- _Assigned task_
Please repeat the lines below exactly. Begin with the line containing "a front view of a house having garden" and go on through the line containing "a patio with".

___ Data supplied

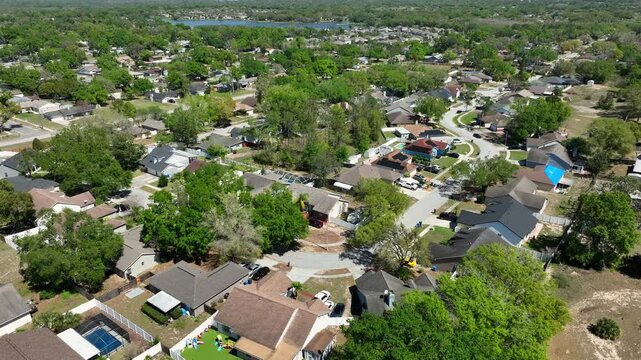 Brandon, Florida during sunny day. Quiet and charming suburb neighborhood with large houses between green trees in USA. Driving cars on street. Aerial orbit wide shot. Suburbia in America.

______
___ Data supplied

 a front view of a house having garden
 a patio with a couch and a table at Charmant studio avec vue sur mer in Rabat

______

- _Response to this exercise_
 a front view of a house having garden
 a patio with a couch and a table at Charmant studio avec vue sur mer in Rabat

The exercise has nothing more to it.